- Task brief
Please reproduce the entries exactly, skipping each picture.

- Supplied information

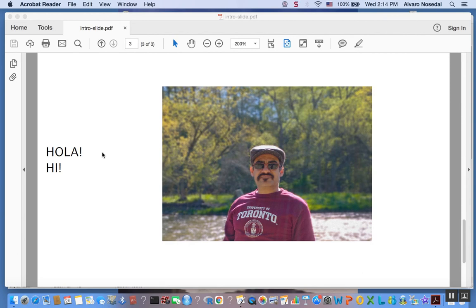Hi! This is Al, your statistics instructor. Let's get to work. In this video we are going to continue our study of data coming from a Poisson distribution, data with a Poisson likelihood from a Bayesian perspective.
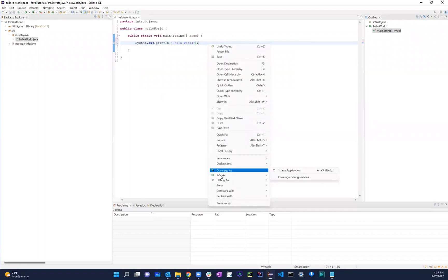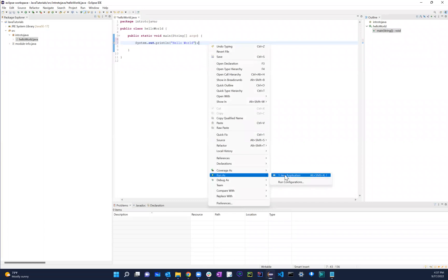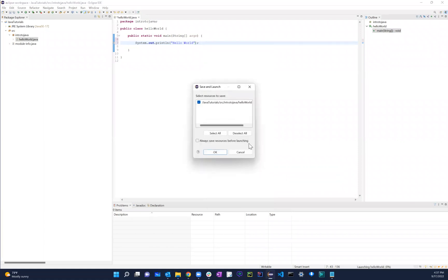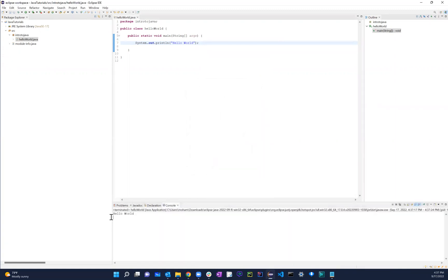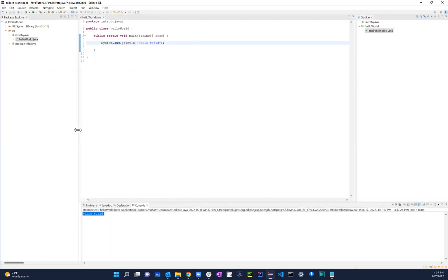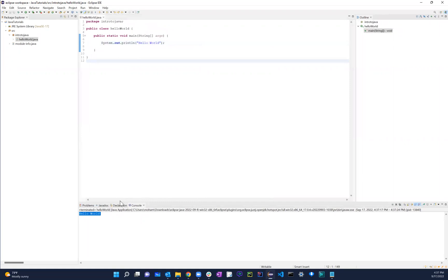Right click. Run as and then Java application. And then you have this thing. Make sure this is selected and then hit okay. Once you do that, it just gives you this hello world. Basically, this is right now we know that our program is actually working. There's no problems or anything like that. It is working.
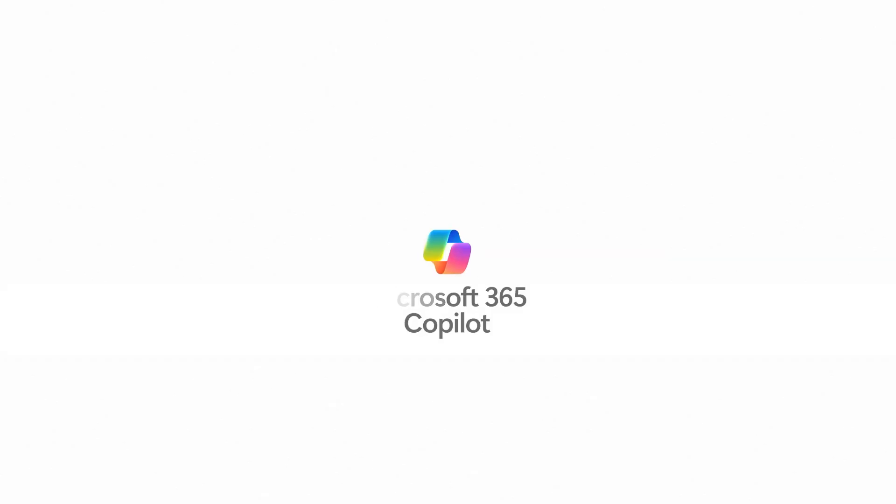Get started in the Microsoft 365 Copilot app today.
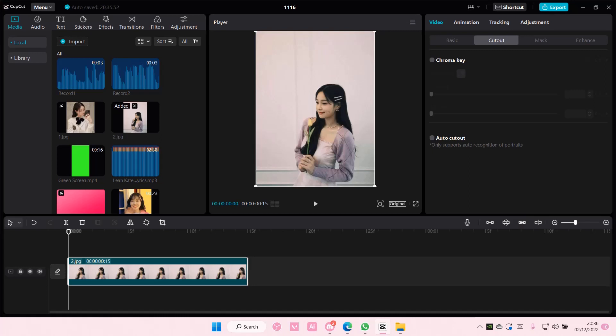Hey guys and welcome back to this channel. In this video I'll be showing you how you can update your CapCut PC app. Super simple.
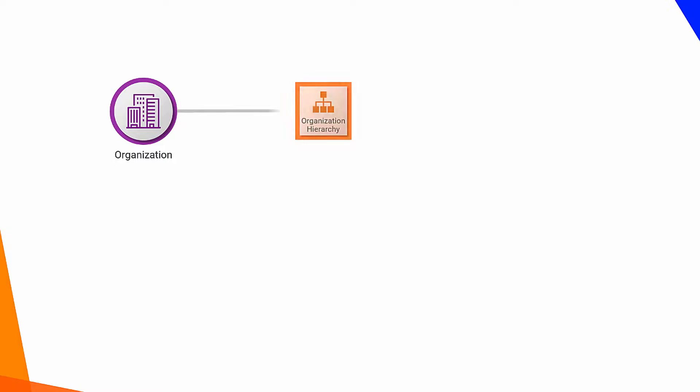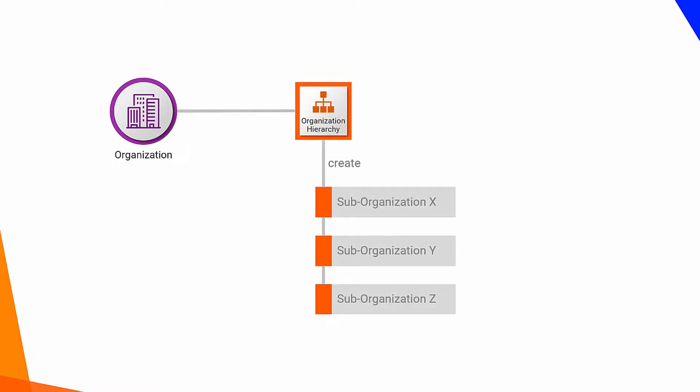If your organization has the organization hierarchy license, you can create one or more sub-organizations to represent different business environments. For example, you can create separate sub-organizations to represent development, testing, and production environments. In this video, you will see how to create multiple sub-orgs for different environments.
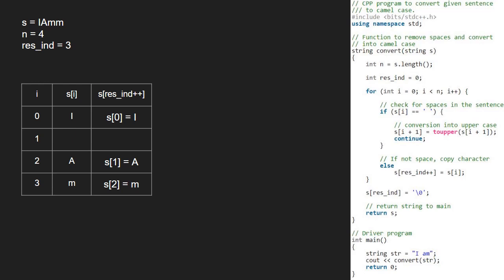Outside the for loop, we set s of res int to a null character denoting the end of the string. We have the final string converted to camel case and we return it to the main function and print it. We have the final output.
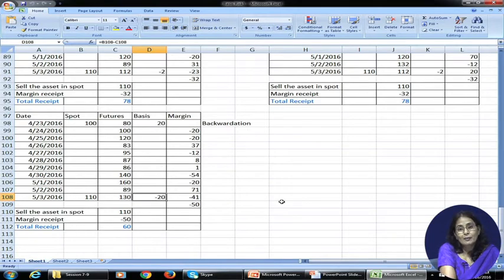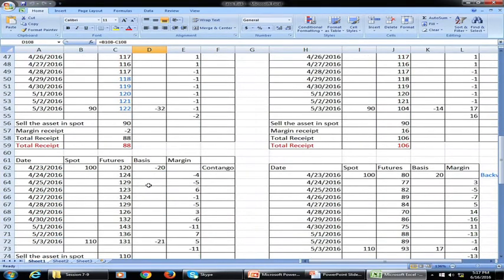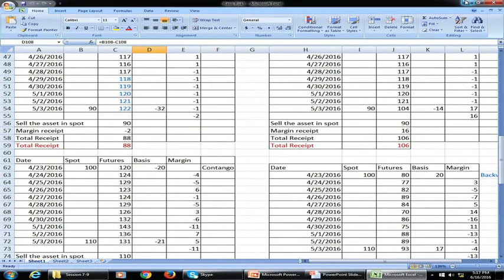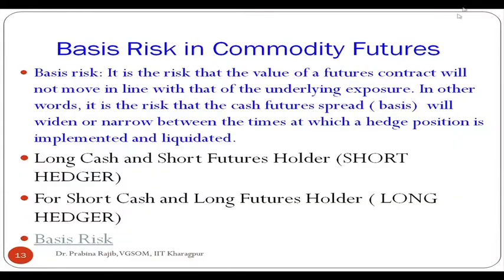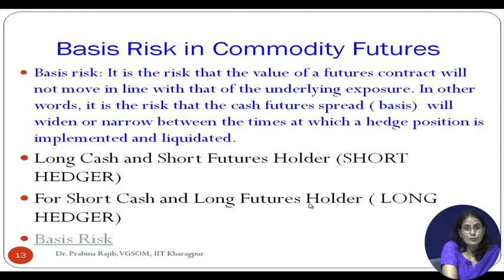To summarize: the actual net receipt by a short hedger on the contract squaring date — when he sells the underlying in the spot market and squares his futures position — can be substantially different depending on how the basis has changed over time. This variability is what we call basis risk. The same exercise can be done for a long hedger taking a long futures position.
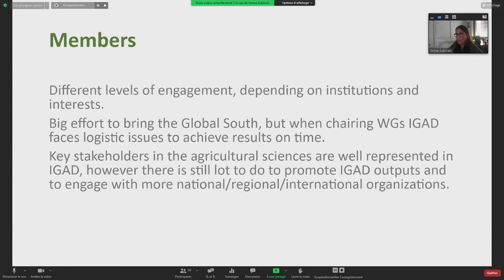We have both individuals and institutions as members, with different levels of engagement depending on each one's needs. We are making a very significant effort to bring in the Global South. We have a very good representation of key stakeholders in IGAD, which is facilitating progress and producing more success stories.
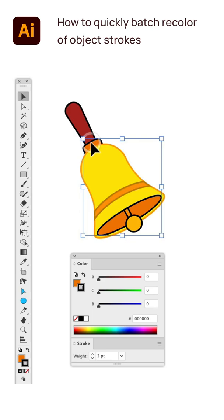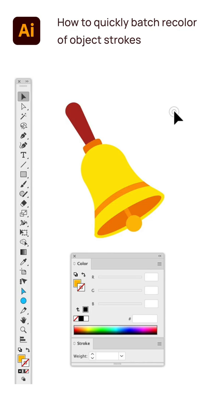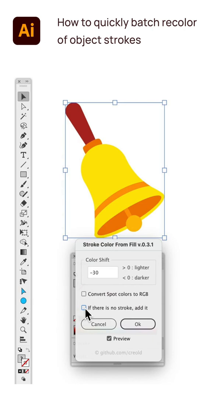You may get tired of moving the color sliders, but you can assign a color to all the strokes at once. To do this, select the objects and run the script. After the script, you can darken or lighten the color and see all the changes.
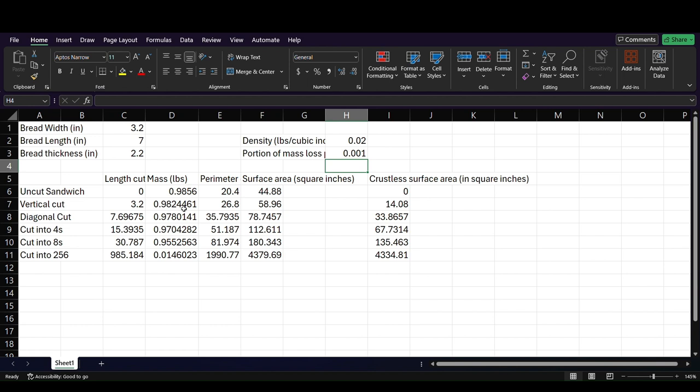So hopefully you guys kind of see what I'm going at here. The point is, mass is always going to decrease as you cut the sandwich more. However, the surface area is going to increase as you cut the sandwich more. So hopefully this has been a useful explanation. And again, sorry for all the trouble here in this part of the video. I should do a second take, but okay, thank you.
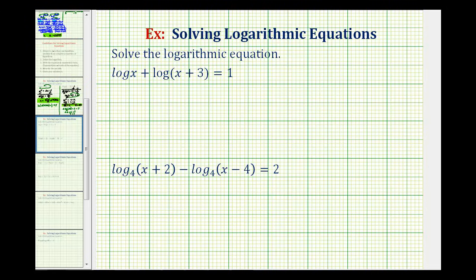We want to solve the given log equations. To solve a log equation, if we have more than one log, we want to combine the logs using the properties of logarithms, then isolate the log, write the equation as an exponential equation, and then solve for x.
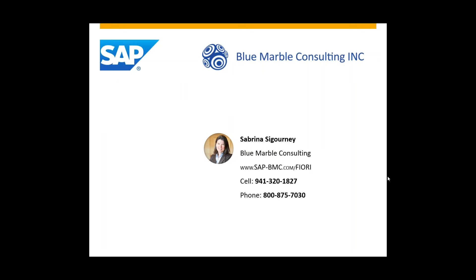For more information on how Blue Marble Consulting can implement a solution like this for you, please call one of our numbers listed here. And for an extensive list of all the Fiori apps, please visit our website at sap-bmc.com forward slash Fiori.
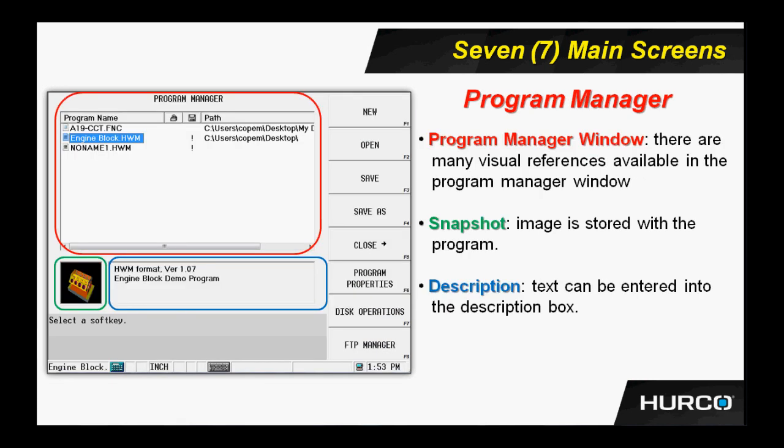Next, we have the Program Manager. Quite a bit of information that can be ascertained from this screen as well. In the large red square, we see that on the left side is the program name of all of the active programs that are open at this time. We can have up to 16 programs open at a time. They can be a combination of conversational or NC programs. And we can determine what kind of program is open by the file extension itself.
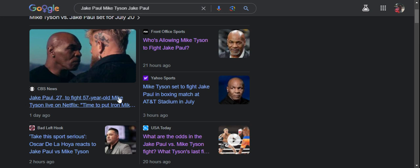But Mike Tyson still can hit so hard he'll knock you straight out of your family tree. Alright?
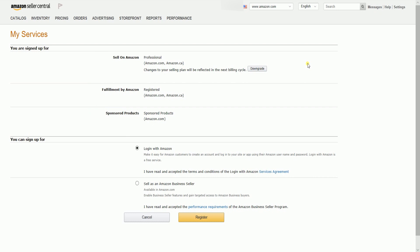This is actually where you can downgrade or upgrade your seller account. Just click the downgrade button if you already have the professional account, or otherwise the upgrade button if you have the individual account. Just to let you know that you won't see the advertising services if this is an individual selling account, because advertising is only available for professional selling accounts. You also have the option to apply as an Amazon business seller, which is an account for business to business or B2B. This feature is also only available to professional selling accounts.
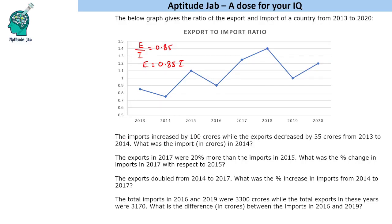The first question: imports increased by 100 crores while exports decreased by 35 crores from 2013 to 2014. What was the import in crores in 2014? In 2013, let the import be 100x. Since the ratio is 0.85, the export will be 85x.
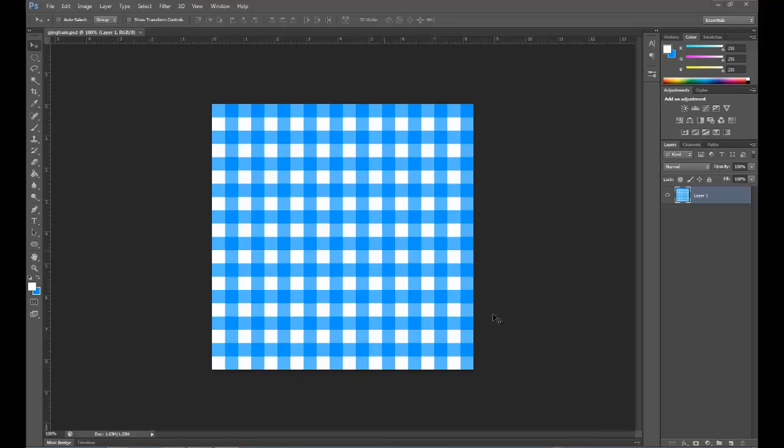Hey y'all, I know everyone is just dying to know how to make their own gingham pattern like this in Photoshop, so I'm going to show you a quick and easy way to get it done in less than a minute, and I'm also going to show you how to save it to your pattern swatches for future use. So let's close this one out and get started.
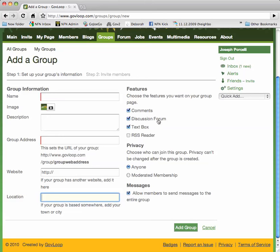Text boxes are cool because they allow you to provide a welcome message to the group and embed videos, documents, presentation slides, and other content for the site.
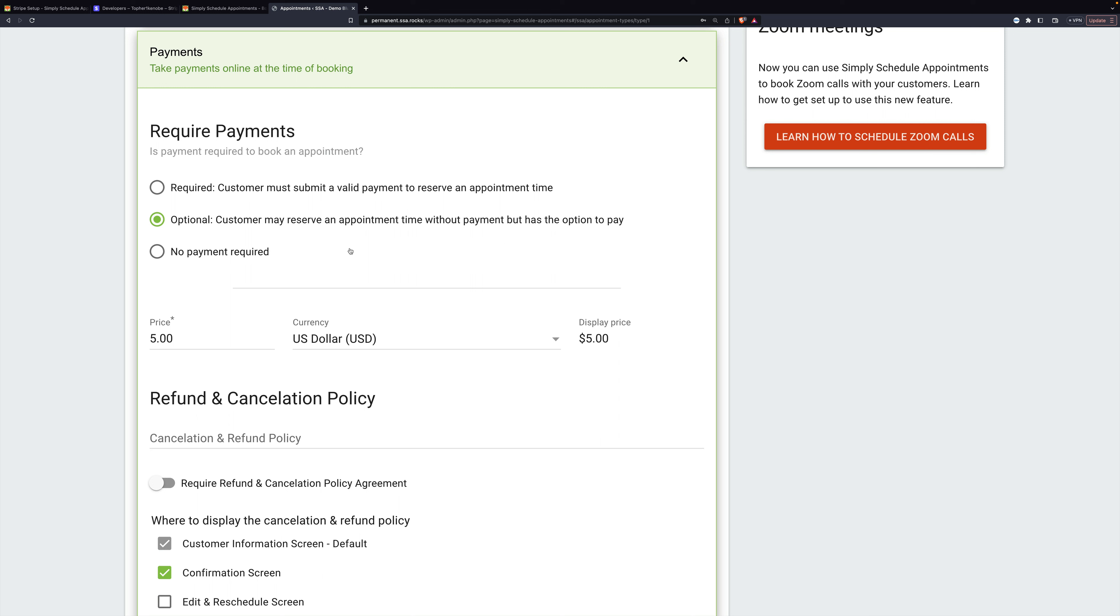If they select to pay later, they can book the appointment without paying at all, and the appointment is reserved for them. It's up to the business to ensure that the customer pays for their appointment. And that happens outside of Simply Schedule Appointments. So I'm going to leave mine at optional.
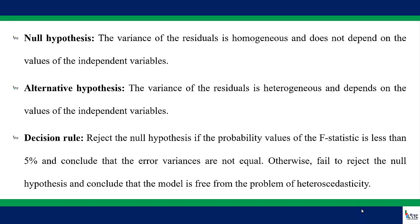That is, they depend on the values of the independent variables. Otherwise, fail to reject the null hypothesis and conclude that the model is free from the problem of heteroscedasticity.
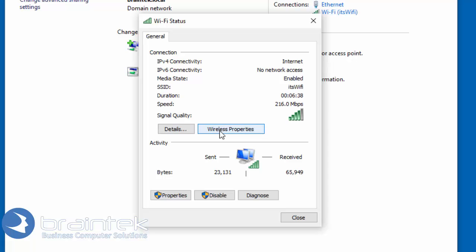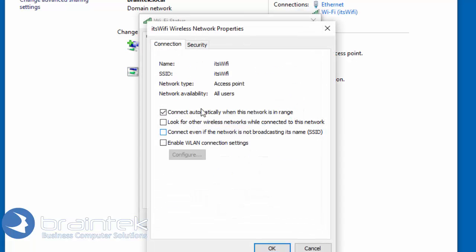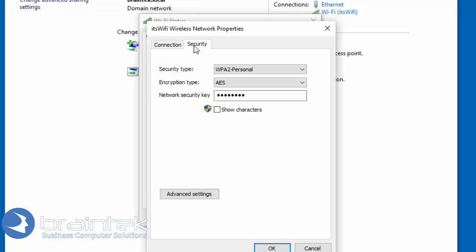We're going to come over here to Wireless Properties. We're going to click on the Security tab. Here's our network security key.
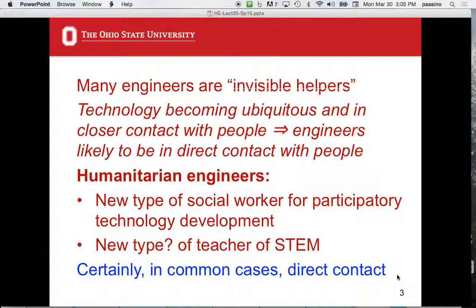Technology is becoming more ubiquitous, contacting people's lives in more and more ways. When I was in college, there was no personal computer and no cell phone. Technology is really pervading our lives, and it becomes more likely that engineers will come into contact with people who are not engineers — because technology is nothing but a tool to extend human capability, and an engineer can then come into close contact.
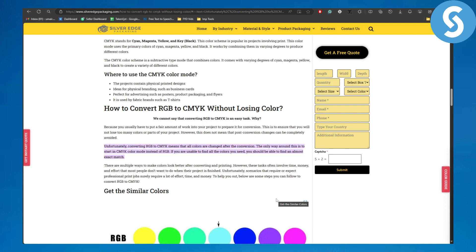The only way around this is to start in CMYK color mode instead of RGB. If you're unable to find all the colors you need, you should be able to find an almost exact match. I hope this helped and makes sense for you.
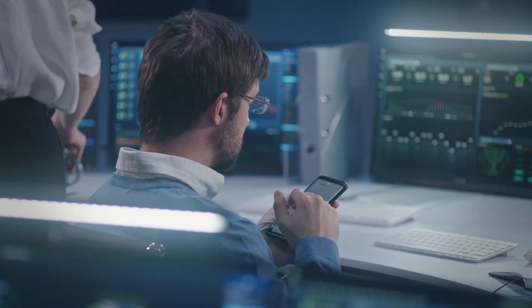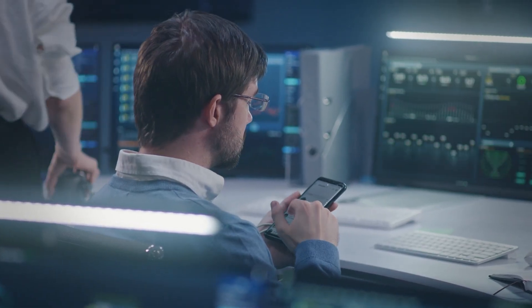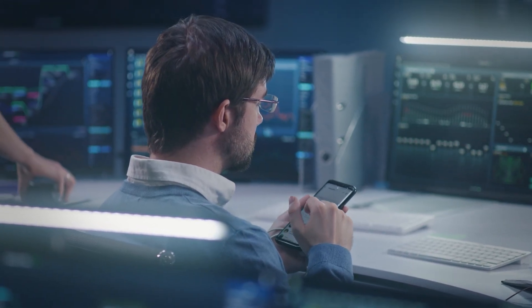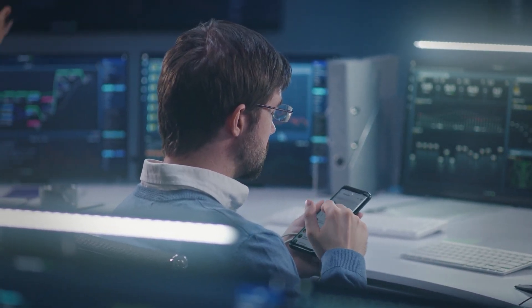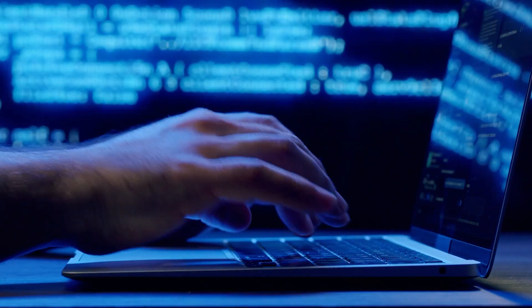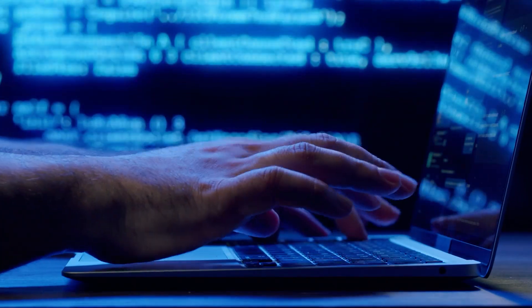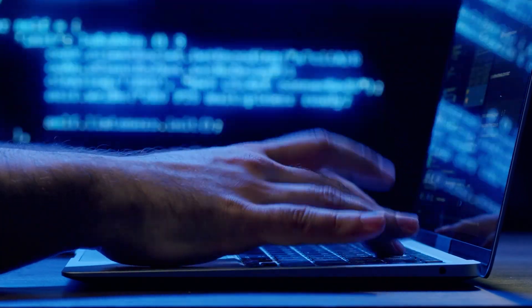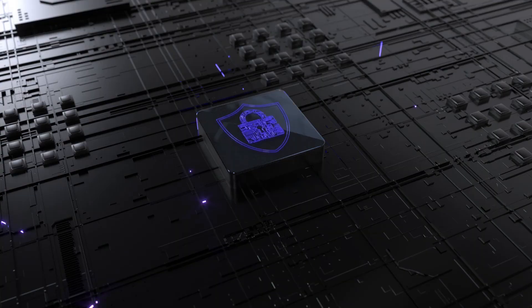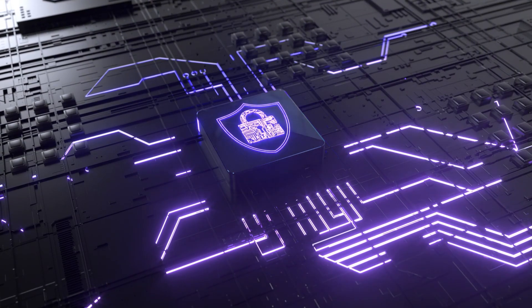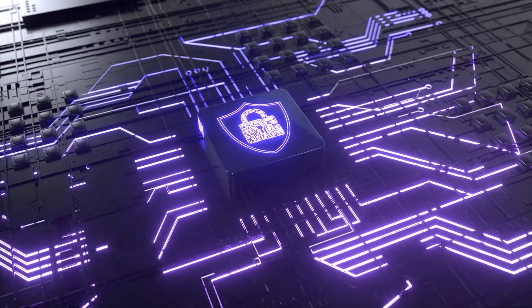And finally, your privacy and data depend on your settings. Like any tool, make sure you understand how your data is being handled. Review the privacy settings and make choices that align with what you're comfortable with.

- Answer to the exercise
Hi! This is Al, your statistics instructor. Let's get to work. In this video we are going to continue our study of data coming from a Poisson distribution, data with a Poisson likelihood from a Bayesian perspective.
Right click. Run as and then Java application. And then you have this thing. Make sure this is selected and then hit okay. Once you do that, it just gives you this hello world. Basically, this is right now we know that our program is actually working. There's no problems or anything like that. It is working.
Get started in the Microsoft 365 Copilot app today.
Hey guys and welcome back to this channel. In this video I'll be showing you how you can update your CapCut PC app. Super simple.
If your organization has the organization hierarchy license, you can create one or more sub-organizations to represent different business environments. For example, you can create separate sub-organizations to represent development, testing, and production environments. In this video, you will see how to create multiple sub-orgs for different environments.
Outside the for loop, we set s of res int to a null character denoting the end of the string. We have the final string converted to camel case and we return it to the main function and print it. We have the final output.
To summarize: the actual net receipt by a short hedger on the contract squaring date — when he sells the underlying in the spot market and squares his futures position — can be substantially different depending on how the basis has changed over time. This variability is what we call basis risk. The same exercise can be done for a long hedger taking a long futures position.
We have both individuals and institutions as members, with different levels of engagement depending on each one's needs. We are making a very significant effort to bring in the Global South. We have a very good representation of key stakeholders in IGAD, which is facilitating progress and producing more success stories.
You may get tired of moving the color sliders, but you can assign a color to all the strokes at once. To do this, select the objects and run the script. After the script, you can darken or lighten the color and see all the changes.
So hopefully you guys kind of see what I'm going at here. The point is, mass is always going to decrease as you cut the sandwich more. However, the surface area is going to increase as you cut the sandwich more. So hopefully this has been a useful explanation. And again, sorry for all the trouble here in this part of the video. I should do a second take, but okay, thank you.
We want to solve the given log equations. To solve a log equation, if we have more than one log, we want to combine the logs using the properties of logarithms, then isolate the log, write the equation as an exponential equation, and then solve for x.
For more information on how Blue Marble Consulting can implement a solution like this for you, please call one of our numbers listed here. And for an extensive list of all the Fiori apps, please visit our website at sap-bmc.com forward slash Fiori.
Next, we have the Program Manager. Quite a bit of information that can be ascertained from this screen as well. In the large red square, we see that on the left side is the program name of all of the active programs that are open at this time. We can have up to 16 programs open at a time. They can be a combination of conversational or NC programs. And we can determine what kind of program is open by the file extension itself.
But Mike Tyson still can hit so hard he'll knock you straight out of your family tree. Alright?
This is actually where you can downgrade or upgrade your seller account. Just click the downgrade button if you already have the professional account, or otherwise the upgrade button if you have the individual account. Just to let you know that you won't see the advertising services if this is an individual selling account, because advertising is only available for professional selling accounts. You also have the option to apply as an Amazon business seller, which is an account for business to business or B2B. This feature is also only available to professional selling accounts.
The first question: imports increased by 100 crores while exports decreased by 35 crores from 2013 to 2014. What was the import in crores in 2014? In 2013, let the import be 100x. Since the ratio is 0.85, the export will be 85x.
Hey y'all, I know everyone is just dying to know how to make their own gingham pattern like this in Photoshop, so I'm going to show you a quick and easy way to get it done in less than a minute, and I'm also going to show you how to save it to your pattern swatches for future use. So let's close this one out and get started.
Text boxes are cool because they allow you to provide a welcome message to the group and embed videos, documents, presentation slides, and other content for the site.
If they select to pay later, they can book the appointment without paying at all, and the appointment is reserved for them. It's up to the business to ensure that the customer pays for their appointment. And that happens outside of Simply Schedule Appointments. So I'm going to leave mine at optional.
That is, they depend on the values of the independent variables. Otherwise, fail to reject the null hypothesis and conclude that the model is free from the problem of heteroscedasticity.
We're going to come over here to Wireless Properties. We're going to click on the Security tab. Here's our network security key.
Technology is becoming more ubiquitous, contacting people's lives in more and more ways. When I was in college, there was no personal computer and no cell phone. Technology is really pervading our lives, and it becomes more likely that engineers will come into contact with people who are not engineers — because technology is nothing but a tool to extend human capability, and an engineer can then come into close contact.
The only way around this is to start in CMYK color mode instead of RGB. If you're unable to find all the colors you need, you should be able to find an almost exact match. I hope this helped and makes sense for you.
And finally, your privacy and data depend on your settings. Like any tool, make sure you understand how your data is being handled. Review the privacy settings and make choices that align with what you're comfortable with.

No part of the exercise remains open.